“It’s like having a 3 o’clock appointment for a root canal,” longtime PGA Tour player Mark Calcavecchia said years ago. “You’re thinking about it all morning and you feel bad all day. You kind of know, sooner or later, you’ve got to get to it.”
And there’s no telling what the result might be. Louis Oosthuizen, who has a British Open title to his credit and lost in a playoff at this year’s Masters, came to 17 Thursday and immediately fell into a trap. “I was between clubs,” he said. A nice, easy 9 iron? Or perhaps step on a wedge? That speck of doubt crept in, his 9 iron came out, the water loomed all around.
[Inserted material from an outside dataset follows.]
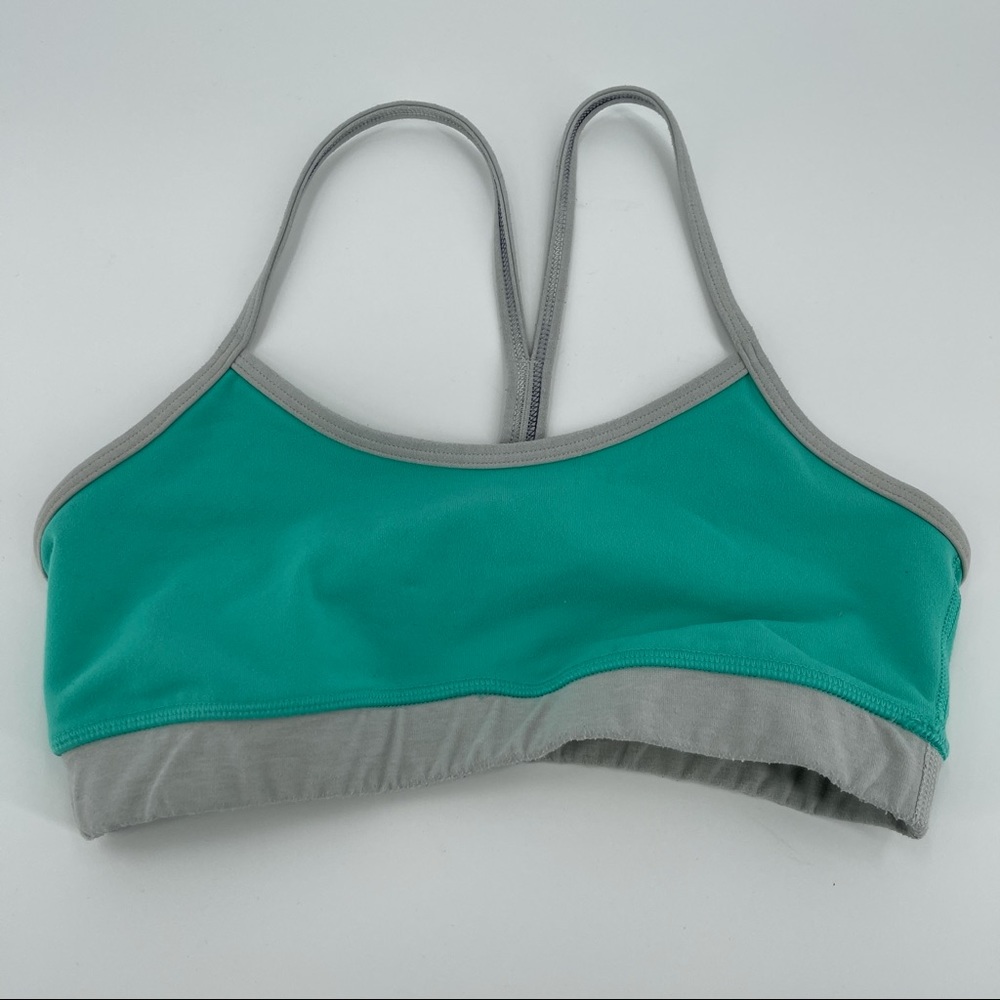 Lululemon Y Racerback Sports Bra Turquoise Gray Size 6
The ball hit the front edge of the bank and bounded back in.
“It proves,” Oosthuizen said afterward, “that a par 3 doesn’t have to be 200 yards to be a great par 3, a really tough hole.”
The hole is tough enough that some players, Woods included, would prefer it to be elsewhere on the course. “I think it’s a perfect eighth hole or something like that,” Woods said. The idea is that a player who, say, double bogeys there with one bad swing would have more time to recover.
But it is the signature hole at the PGA Tour’s signature event, and it isn’t going anywhere. Thursday, Woods and his playing partners, Rickie Fowler and Hunter Mahan, came to 17, walked off the yardage and checked the wind. Each took a solid swing, Fowler to 12 feet, Woods then to 13, Mahan to just four.
“Some kind of strange things can happen on it,” Mahan said. The strangest yet? Three dry golf balls, and three birdies.